Через минуту Тина сидела на кровати, раскладывала свои богатства и говорила во весь дух, говорила так, словно торопилась наговориться на десять лет вперед.
Домой ока вернулась поздно. Мать была в командировке, а отец на работе. Тина заснула, едва коснувшись подушки, ко средь ночи проснулась.
Подвальная комнатка, добрый и веселый безногий человек, Маня, радостная, тревожная, застенчивая и доверчивая, — все заново встало в памяти. Она презирала Маню за слишком аккуратные ленточки, но у Мани их было только две, а у Тины комок лент валялся в ящике комода. Она смеялась над завтраками, завернутыми в три слоя бумаги, но их завертывал Манин отец своими обгоревшими руками. Он потерял ноги и все-таки остался веселым и добрым, а Тина желала ему, чтобы у него «стали костяные пальцы», «чтоб на него напали все болезни».
Не в силах вспоминать об этом, она заплакала в подушку.
— Дочка, ты о чем? Дочка?
Отец в одном белье стоял над ее кроватью.
— Ты чего, маленькая? Ну, чего ты? — тревожно спрашивал он. — Ну, мы не будем больше ссориться! Ну, не будем! Ах ты, ветки зеленые! Ах ты! И мать уехала! Ну, дочка, ну, будем с тобой дружиться!
Он думал, что она плачет из-за него. Какой глупый все-таки человек! Станет она плакать из-за пары шлепков! Там, в подвальной комнате, лежит человек без обеих ног, и она хотела бы отдать ему свои ноги. Она плакала о нем и Мане. И, вспомнив, как она желала им зла, плакала еще горше.

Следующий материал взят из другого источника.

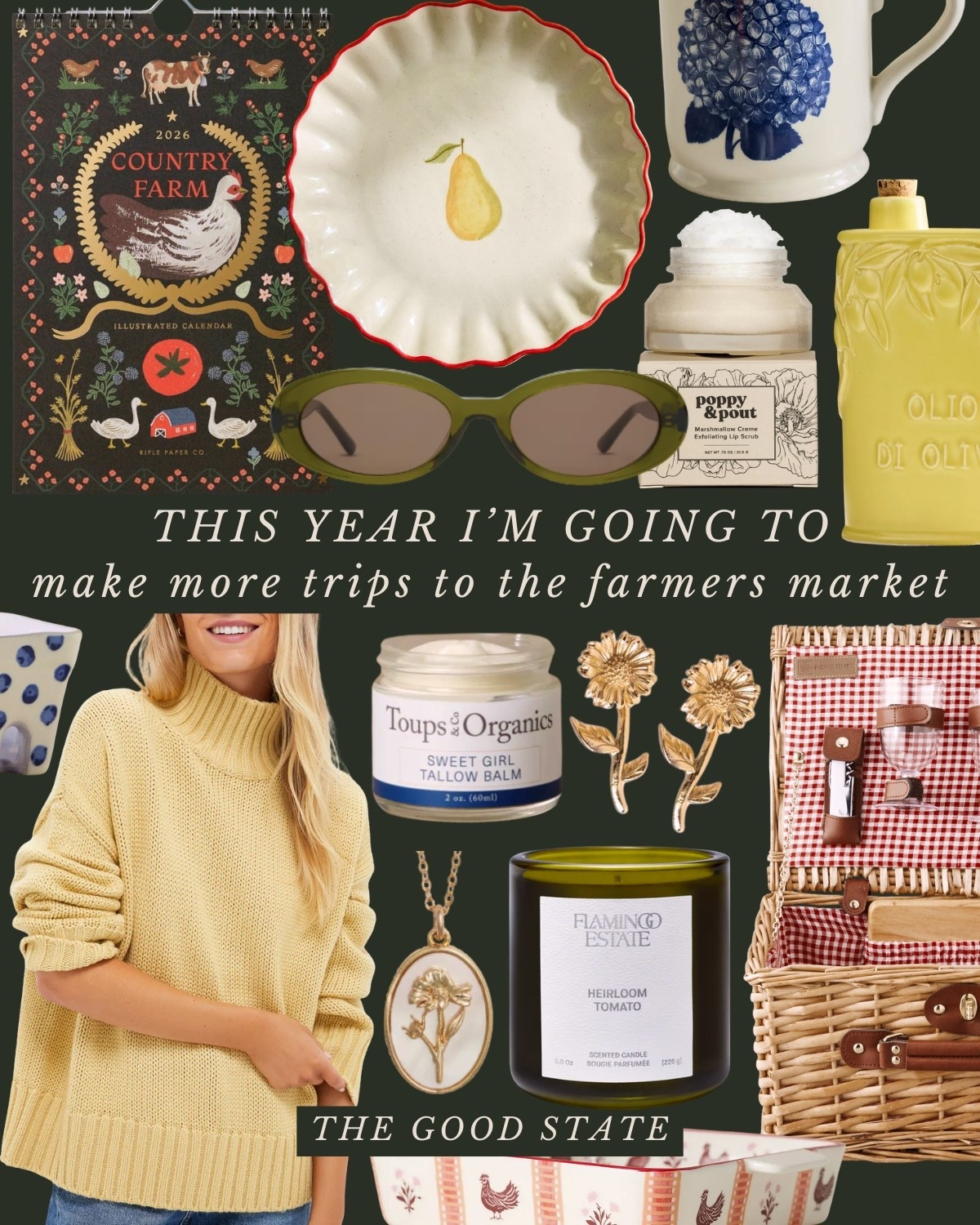 May this year be one of great intentionality and beauty! This collection is for the ones making simple decisions to live more slowly. The ones who make pour over coffee in the morning and light candles in the evening. This is for the ladies taking back their time and life by scrolling less and finding ways to create and add more beauty into their everyday. The ones learning how to make sourdough or trying a new hobby like knitting. This is for the ones hosting game nights and dinner parties. For the one being more mindful to open up her home and heart to friends and family. The one who makes gatherings special—who writes placards, bakes homemade cakes, brings out the fine China on an “ordinary” Tuesday and always makes a point to have fresh flowers in the home. The is for the one who wants to be more intentional to mail handwritten cards. For the one who romanticizes slow, golden mornings at the farmers market—flaky croissant in one hand and fresh produce in the other. For the one who has always wanted to give gardening a try and for the lady who has tended to the same garden for over a decade. This is for the picnic girlies and the homebodies. For the ones saying “yes” to living a brighter, fuller and more intentional life this year. This is for you🤍

Sustainable fashion, ootd, farmers market, Anthropologie, Anthro, quince, madewell, pottery barn, date night outfit, women’s fashion, supper club, tuckernuck, JCrew, 12th tribe, Walmart, haven well within, Boden, amazon, 

#LTKdayinmylife #LTKSaleAlert #LTKSeasonal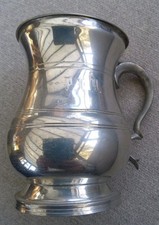 Vintage Pewter Beer 1pt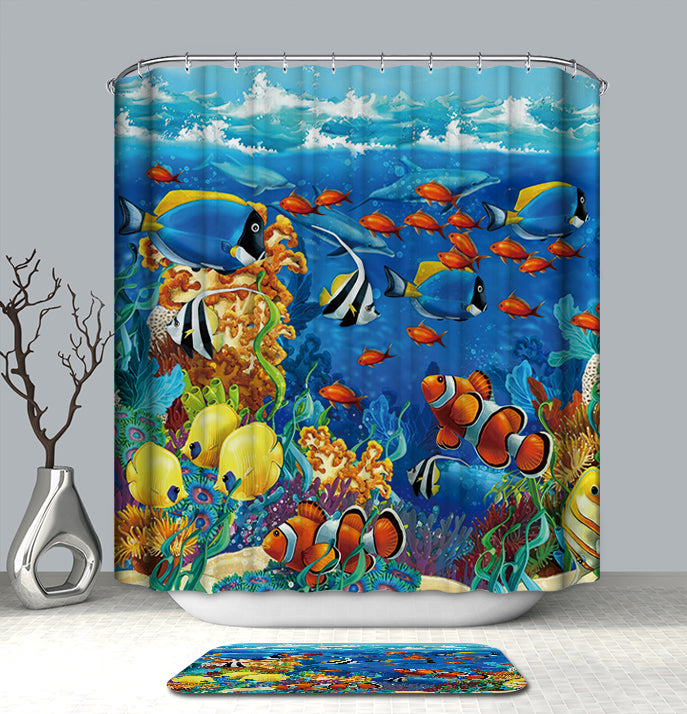 Shower Curtain of Overbooked Reef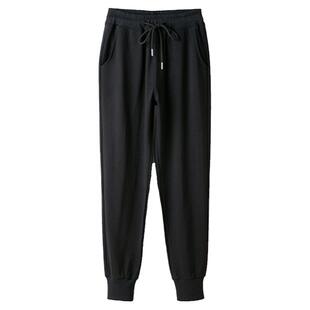 大码冰丝运动裤子女夏季薄款宽松显瘦束脚防蚊裤速干灯笼休闲卫裤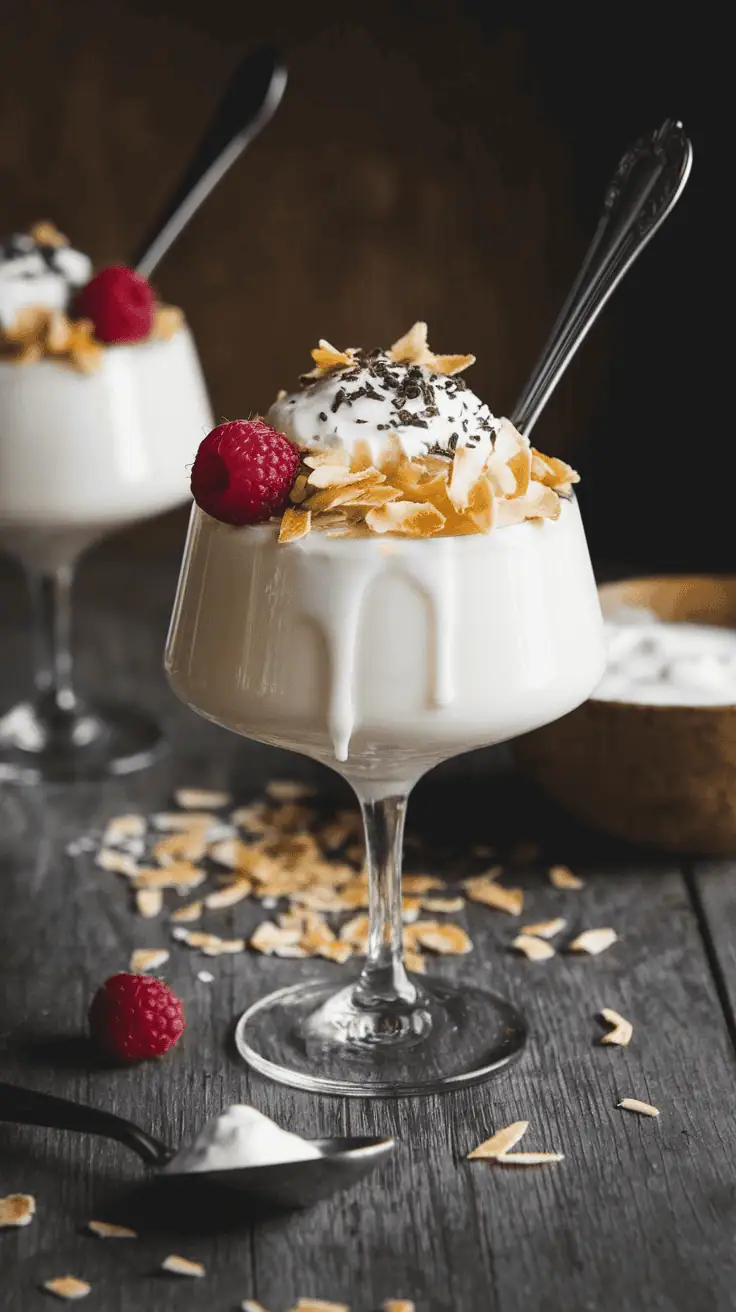 Vegan Coconut Milk Pudding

Отец окончательно растерялся. Он мог командовать тысячами людей, понимал их, плохих и хороших, молодых и старых. Но вот здесь, на постели, рыдало непонятное существо с отцовскими широкими скулами и темными волосами, со светлыми русскими глазами матери, похожее на них обоих и не похожее ни на кого из них. Он считал, что она забалована, черства и ничего на чувствует, и два дня она действительно ходила бесчувственной, с холодными, как у взрослой, глазами, а вот теперь ночью рыдает так горько, так по-детски, что сердце переворачивается. Ведь она была хорошей девочкой в горах. Когда он приезжал, он видел, что ее любили и взрослые и дети. И все его подарки она тут же раздавала кому попало. А он побил ее. «Такой большой — такую маленькую!» — как она это сказала! Разве можно ударить такое создание? Такое… Ах, ветки зеленые!..
Отец сел на корточки возле кровати.
— Дочка! Ну, я больше не буду! Дочка! Ведь ты сама напросилась! Ну, давай по-честному! Я, честное слово, не собирался! Да ведь ты что выделываешь? И на хочешь, да шлепнешь! Ну, давай забудем! Ну, маленькая! Ну, скажи мне, чего ты хочешь?
Отец был не очень умный, но добрый человек. Он не понимал, отчего она плачет, и воображал, что она станет плакать от шлепков. Но он был готов на все. Она от души простила его, но тут же учла все выгоды своего положения.